How do we design a linear hash function that shrinks $n$-dimensional vectors as much as possible while ensuring detection of at most one-bit discrepancy under the presence of unknown bits $X$? Let's focus on the simplest case where the blueprint of your CPU is simple enough so that there is at most one $X$ in each expected response $\boldsymbol{s}_i \in S'$. In this case, an optimal hashing circuit $H$ is given by Sperner's theorem.

To see this, recall that Sperner's theorem gives the size of a largest possible family $A = \{A_0,\dots,A_{n-1}\}$ of finite sets $A_i \subseteq \{0,1,\dots,m-1\}$ none of which contains any other sets in $A$, i.e., $A_i \not\subseteq A_j$ for any $i \not= j$. Such a family is called a *Sperner family*. The theorem says that for any Sperner family $A$, we have
$$\vert A \vert = n \leq \binom{m}{\lfloor m/2 \rfloor},$$
and that the equality can be achieved by taking all distinct $\lfloor m/2 \rfloor$-subsets of $\{0,1,\dots,m-1\}$.

Now, given an $m \times n$ binary matrix $H = (h_{i,j})$, construct the family $B = \{B_0,\dots,B_{n-1}\}$ of subsets of $\{0,1,\dots,m-1\}$ by defining $i \in B_j$ if and only if $h_{i,j} = 1$. It is straightforward to see that, with this set representation of a binary matrix, the kind of linear hash function we want for detecting discrepancies under the presence of at most $1$ unknown $X$ is exactly a Sperner family. Indeed, the condition that no set covers any other corresponds to the requirement that propagated $X$'s do not mask any possible $1$-bit-wise discrepancy.

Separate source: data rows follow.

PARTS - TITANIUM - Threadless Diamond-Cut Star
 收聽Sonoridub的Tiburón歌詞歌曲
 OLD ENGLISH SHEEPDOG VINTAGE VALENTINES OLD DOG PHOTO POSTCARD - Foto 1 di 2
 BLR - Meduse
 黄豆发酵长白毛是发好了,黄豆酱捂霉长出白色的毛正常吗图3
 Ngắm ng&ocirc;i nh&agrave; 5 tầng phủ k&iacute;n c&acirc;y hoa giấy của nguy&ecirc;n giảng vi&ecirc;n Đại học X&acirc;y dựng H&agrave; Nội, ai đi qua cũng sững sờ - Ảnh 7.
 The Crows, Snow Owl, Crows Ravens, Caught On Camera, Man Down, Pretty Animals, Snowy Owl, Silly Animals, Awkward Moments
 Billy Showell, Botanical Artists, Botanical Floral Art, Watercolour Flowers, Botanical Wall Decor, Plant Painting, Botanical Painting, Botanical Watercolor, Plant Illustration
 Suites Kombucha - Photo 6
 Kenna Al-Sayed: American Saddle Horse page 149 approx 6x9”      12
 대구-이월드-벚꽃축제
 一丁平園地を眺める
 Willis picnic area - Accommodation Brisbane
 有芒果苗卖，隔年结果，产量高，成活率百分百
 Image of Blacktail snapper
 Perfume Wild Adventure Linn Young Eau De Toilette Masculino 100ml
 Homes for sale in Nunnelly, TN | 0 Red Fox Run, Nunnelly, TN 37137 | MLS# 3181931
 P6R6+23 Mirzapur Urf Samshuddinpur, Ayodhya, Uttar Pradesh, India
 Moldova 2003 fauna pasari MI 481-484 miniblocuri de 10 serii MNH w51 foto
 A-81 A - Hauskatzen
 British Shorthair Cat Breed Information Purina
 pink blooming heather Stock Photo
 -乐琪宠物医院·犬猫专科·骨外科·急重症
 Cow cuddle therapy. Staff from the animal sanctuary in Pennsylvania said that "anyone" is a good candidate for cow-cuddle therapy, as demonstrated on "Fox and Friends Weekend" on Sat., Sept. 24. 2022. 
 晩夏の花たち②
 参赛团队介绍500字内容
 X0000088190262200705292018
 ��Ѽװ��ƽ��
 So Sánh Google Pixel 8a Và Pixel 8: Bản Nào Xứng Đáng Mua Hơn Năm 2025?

So, the condition that the linear map should compress data as much as possible corresponds to the requirement that for given $m$, the number $n$ of elements in a Sperner family should be as large as possible. Or if $n$ is given, $m$ should be as small as possible. Either way, we know the bound and how to achieve it thanks to Sperner's theorem.

Of course, if your CPU gives multiple-bit-wise discrepancies or if there are more than one unknown bit, you need more sophisticated extremal set theory. But the point is that the kind of research related to Sperner's theorem gives a solid foundation of practical problems outside of mathematics like this.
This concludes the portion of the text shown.